We are hurtling westward from Atlantic City in the pre-dawn. The fog renders the inky blackness more mysterious than it has a right to. Ghostly clusters of deer feeding in the median and the ditch appear briefly in the dim headlights of our tiny rental. We are speeding toward the river, and Pennsylvania.
By all rights, I should be sleeping soundly. I want to, but I’m at the wheel. Karen is catching a 6 a.m. flight and mine isn’t until 5 in the afternoon, by design. I am going to spend at least the morning in Philadelphia.
The airport is already busy as dawn breaks, and it’s unseasonably warm as I head back toward the city. I want to drive around the city center in the luxury of no commuter traffic and get my bearings. My short list has two items: caffeine and the Liberty Bell.
Philadelphia’s layout is easy to grasp and there are many signs pointing the way to historical attractions. Still, I roll to a stop at the intersection closest to the Bell itself without knowing. It’s encased in a low, angular building the length of a long block, unseen from the street. A state trooper-like sort with a sidearm appears on the sidewalk to my left. He gives me, the only car in sight, more than a once over. I feel the need to keep moving.
Now I’m heading south toward the district called Society Hill on my map. I’m passing tiny, pre-revolutionary streets the size of alleys. The sunlight dapples on the pavement through a surprising number of trees. Doorways have shiny knockers and windows are adorned with boxes of flowers. It could be a morning two hundred and fifty years ago.
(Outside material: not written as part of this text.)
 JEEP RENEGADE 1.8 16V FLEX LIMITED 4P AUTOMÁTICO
I slowly drive the streets in rows, like traveling the aisles in a grocery. This time, delectable treats and tempting wares are architectural festoons with 18th century sensibilities: pediments and wavy glass, brass and wooden louvers, the hint of a lace curtain. I turn northward again, giddy as a gastronome, my sugar high the sweetness of living history.
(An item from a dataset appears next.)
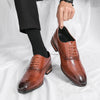 Men's Leather Formal Shoes, Business, Style 9063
Across from the Betsy Ross house on Arch Street, I find a Starbucks just opened, coyly designed with equal parts disguise and homage to its historical building. I find a parking spot a half block down and spot a Pug’s morning constitutional two car lengths ahead. Fastidiously waiting on its pajama-clad owner of the baggie’d hand, it gives me a baleful look. No matter. It’s morning in Philadephia and I’ve now got a place to be.
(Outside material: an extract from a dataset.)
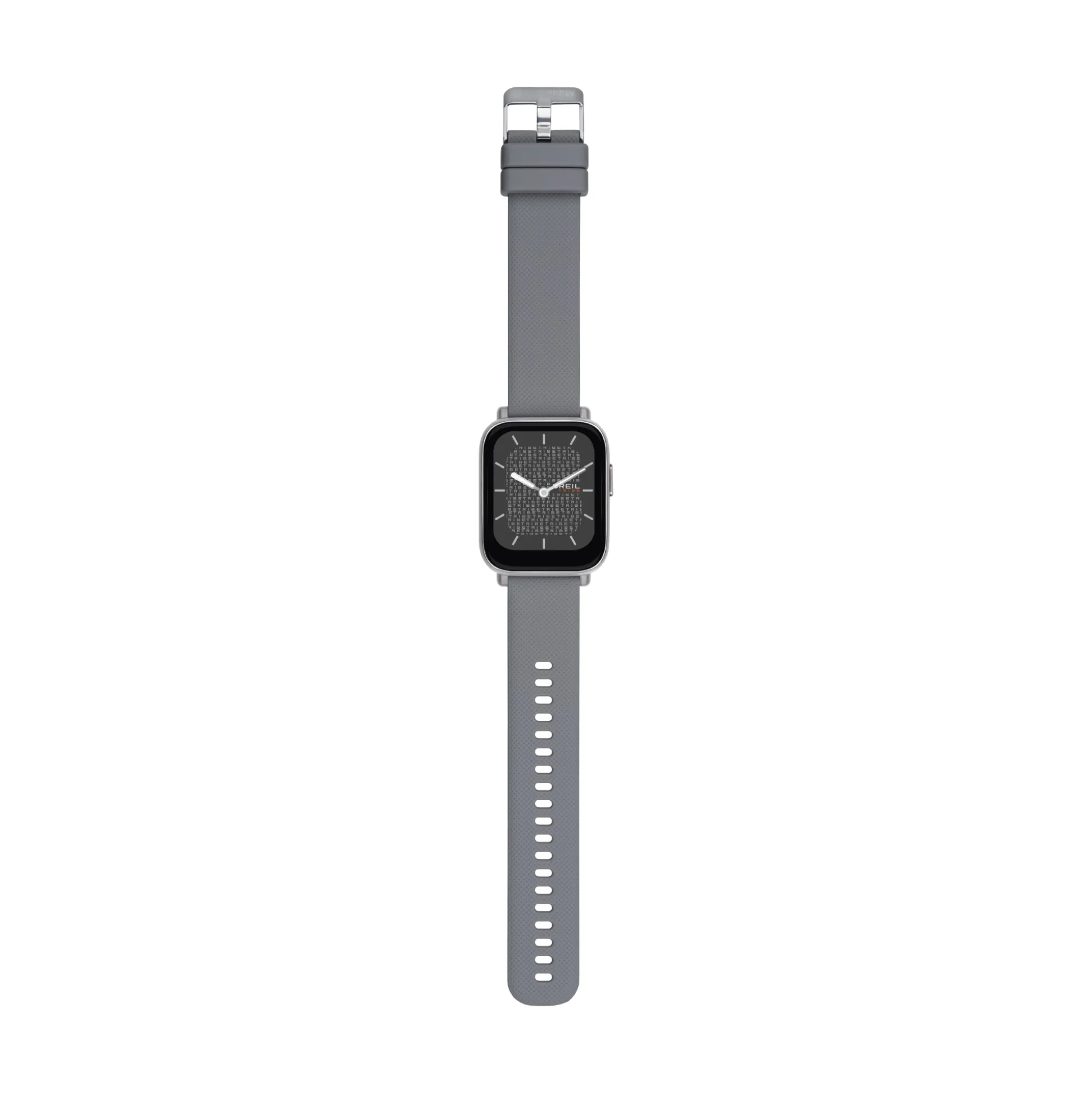 SBT-1-SMARTWATCH WITH DOUBLE STRAP AND SILVER CASE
I take a window seat with my chai tea to watch the neighborhood awaken. Determined suits are emerging and heading to work and prams are pushed by mothers in cotton skirts and sandals. Great Danes, Labradors and other surprisingly large beasts appear on leash, ambling past. I’m a voyeur, set up with a netbook as a decoy. I sip and look, thinking everyone appears surprisingly relaxed for a Monday. Perhaps it’s the sun. Or perhaps it’s the unseasonable heat of the day to come.
Still only 7:30 a.m. I decide to walkabout myself. The front door to the tiny Betsy Ross house is practically on the street. It doesn’t seem large enough to have held the flag inside. I realize the house is part of an enclave forming around a garden behind a picket fence. It’s too early by far for a properly-guided visit, though, so I walk on.
This is a neighborhood of shops and small businesses. There are newer buildings of condos in floors above, but scale and vintage has been acknowledged and honored when construction is actually new. Warehouses and machine sheds are down alleyways, and side streets of more modest dwellings of brick, stone and wood. I walk through the middle of a block past workmen’s vans and an air compressor’s whoosh. There’s a charming mix of gentrification, trendy, and everyday regular.
I spy an ancient hardware store, alas not open, and several showrooms “to the trade only” with fabrics, wood furniture, and fixtures. I pass a woman unlocking her business door between a pair of musty-looking windows in a rickety wood facade. The tableau of dusty papers and boxes looks as if it were undisturbed for at least 50 years. She is using a skeleton key.
It’s time to move my car. I have no change, needed for the meter after 8 a.m. Traffic is still light enough to pull out without waiting, and I turn left toward the city center.
I imagine I am heading south on bricks and cobbles trod by household names. This morning they are traveled by ordinary patriots, like you and me.